Fourteen Directors, the full FECAVA board and a handful of guests gathered in beautiful sunny Larnaca for the FECAVA Council meeting late October. Main topic of the meeting was the new marketing strategy, presented to the assembly by the marketing committee chair Goran Cvetcovic (Director for Serbia). This also included a new communication strategy.
Furthermore, a new fee structure was proposed by Danny Holmes (FECAVA treasurer), to accommodate both for the larger and the lower-disposable-income countries.
The new canine vector-borne disease factsheets were presented by the working group. Factsheets on heartworm, Dirofilaria repens, angiostrongylosis and leishmaniosis have now been finalised and two more factsheets are underway. A call for volunteers was made for translations, to be presented at the vector-borne diseases stream at the upcoming FECAVA congress in St Petersburg.
Ann Criel (FECAVA honorary secretary) reported on the first meeting of FECAVA’s newly created mental health working group. The group had discussed the UK initiative VetLife and it had decided to gather data on similar initiatives in other European countries.
FECAVA President Wolfgang Dohne announced the signature of a joint veterinary letter addressed to the European Commission, highlighting the concerns of unregulated online trade of pets.

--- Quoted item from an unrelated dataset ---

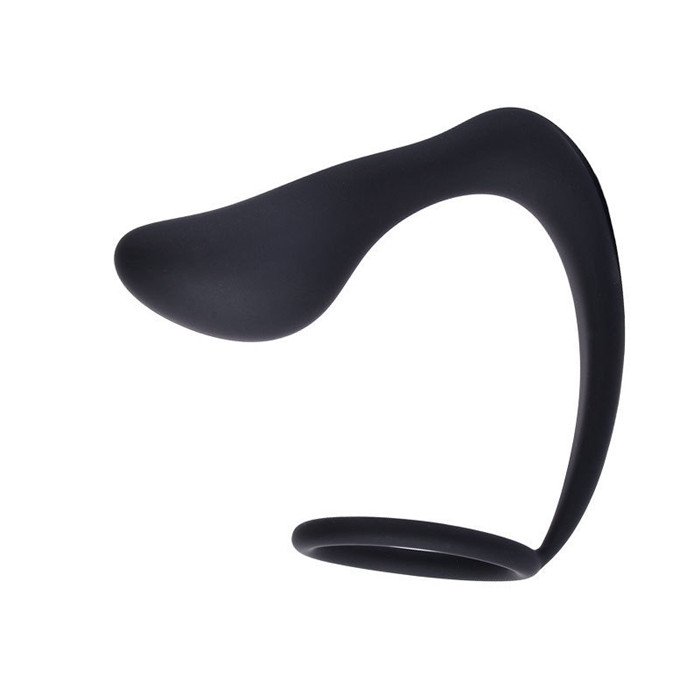 Hotselling anal sex toy silicone anal butt plug prostate massager with cock ring for male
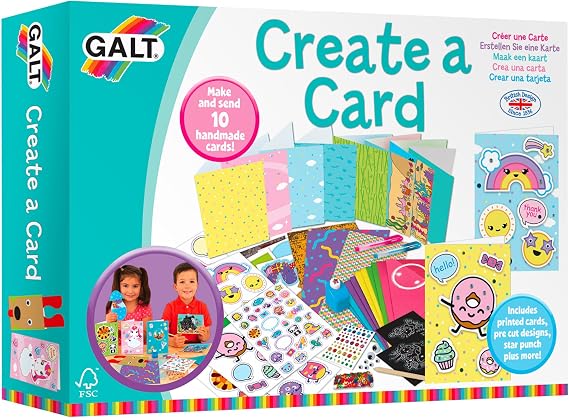 Galt Create a Card Craft Kit for Kids, Activity Set for Children Age 6 Plus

The document, signed by the three major European veterinary organisations (Federation of Veterinarians of Europe, Union of European Veterinary Practitioners, FECAVA) as well as the animal protection organisation Four Paws, https://www.four-paws.org.uk/ also lists a number of recommendations. Andrew Robinson (FVE) suggested that contacting online platform owners such as e-Bay would also help.
‘Nearly 30% of dogs are above ideal bodyweight,’ warned FECAVA vice president Denis Novak, presenting the Global pet obesity project . He urged FECAVA and its members to ‘accept obesity as a disease’ and adopt the global body condition score scale as well as a uniform definition for obesity.
Krista Arnold (UK) gave an update of the Advisory council on veterinary nurses’ education (ACOVENE) and reported on the development of two successful nurses’ programmes at FECAVA-member congresses in Croatia and Romania.
Current policy issues were presented by Danny Holmes, and included the dog trade, identification and registration, disease surveillance, medicines availability, healthy breeding and the consequences of Brexit. He also provided an update of the FECAVA practice posters on hygiene and antimicrobial resistance. He called upon members to contact the head office in case they needed to print translated versions.
The Cyprian hosts had organised a warm welcome and a great dinner, jointly with the Pancyprian veterinary association. At this occasion, professor Stavras Malas announced the development of the first Veterinary School in Cyprus (University of Nicosia), in collaboration with the Royal Veterinary College.
The next Council meeting is planned for 30 March and will be held in Zagreb, Croatia.